Секретарь Цекамола — его показали Яшке еще вчера, — невысокий, широкоплечий, в поношенной синей рубашке с расстегнутым воротом, нервничал. Он то и дело посылал ребят, окружавших его, в коридор. О нем тоже рассказывали всякое, и в рассказах, по-видимому, переплетались правда и вымысел. Душевный и вместе с тем крутой человек, он мог остаться голодным на несколько дней, отдав свой хлеб другу, но, когда комсомольский стихотворец написал о секретаре, что тот сам тайком сочиняет стихи, — говорят, секретарь, от негодования задрожав, обругал поэта обыкновенной прозой.
Время тянулось долго; то один, то другой член президиума вставал и не очень настойчиво просил делегатов:
— Товарищи, очистите сцену! В зале полагается сидеть, товарищи…
Но все, сидящие на сцене, молчали и единодушно не слышали его. Зато если кто-нибудь кричал — «Тихо, товарищи!» — сразу, словно по какому-то волшебству, замирал этот огромный, гудящий, похожий на взбудораженный муравейник зал, и невольно все глядели на дверь возле сцены. Почему-то казалось, что именно оттуда должен выйти Ленин.
Яшка не уловил короткого мгновения, когда в зале что-то произошло. Сначала это было легкое, едва заметное движение в первых рядах, к которым он сидел лицом. Затем люди начали вставать, и словно какая-то невидимая волна прокатилась от первых рядов до последних. Яшка только услышал короткое, как бросок, слово — «Он!» — и, обернувшись, замер.
Возле дверей, ведущих на сцену, стоял невысокого роста человек в черном пальто. Кепку он снял — и Яшка прежде всего увидел огромный, светлый, крутой ленинский лоб. Уже потом он разглядел золотистые, хитровато улыбавшиеся глаза, прикрытые тяжелыми веками, знакомый по портретам овал лица и эти усы, и короткую бородку. Ленин был не таким, каким Яшка представлял его себе, и вместе с тем почувствовал, что будто давным-давно где-то видел его именно таким, каким увидел сейчас.
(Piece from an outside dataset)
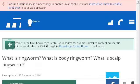Our top ranked site to learn about what is scalp trading is www.medicalnewstoday.com. See the page titled 'What is ringworm, what is body ringworm, what is scalp.' This is the link.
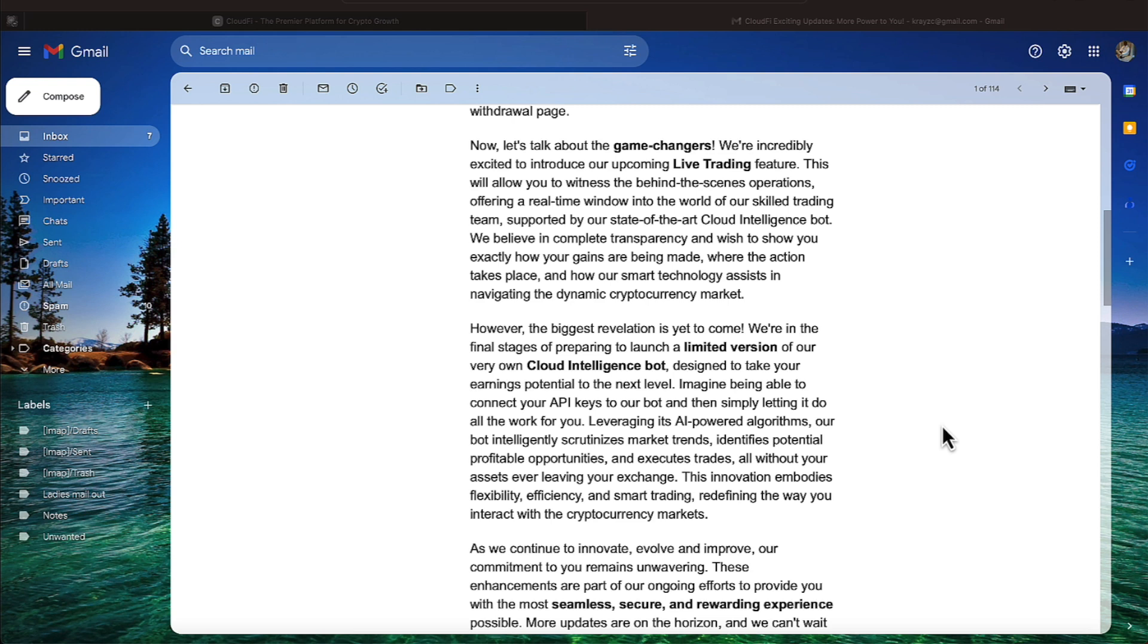Leveraging its AI-powered algorithms, our bot intelligently scrutinizes market trends, identifies potential profitable opportunities, and executes trades, all without your assets ever leaving your exchange. This innovation embodies flexibility, efficiency, and smart trading, redefining the way you interact with the crypto markets.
Потом он не мог вспомнить ничего, кроме того, что вместе со всеми до боли в ладонях хлопал, кричал одно только слово — «Ленин».
Ленин стоял, перекинув свое пальто на спинку стула. Несколько раз он поднимал руку, а овация все росла, росла и ширилась. Это был не просто порыв, нет! Это огромная любовь и огромное счастье — целое море любви и счастья выплескивалось из человеческих берегов.
Владимир Ильич нетерпеливо ждал, все чаще и чаще оборачиваясь к президиуму и что-то говоря: его слов не было слышно. Секретарь Цекамола, подняв над головой колокольчик, яростно потрясал им — не было слышно и этого колокольчика. Ленин сунул большие пальцы рук за вырез жилета, стремительно наклонился к залу, потом вынул часы и показал их: время дорого. Какое там! Это была лавина, неудержимый поток, и Ленин понял: надо переждать!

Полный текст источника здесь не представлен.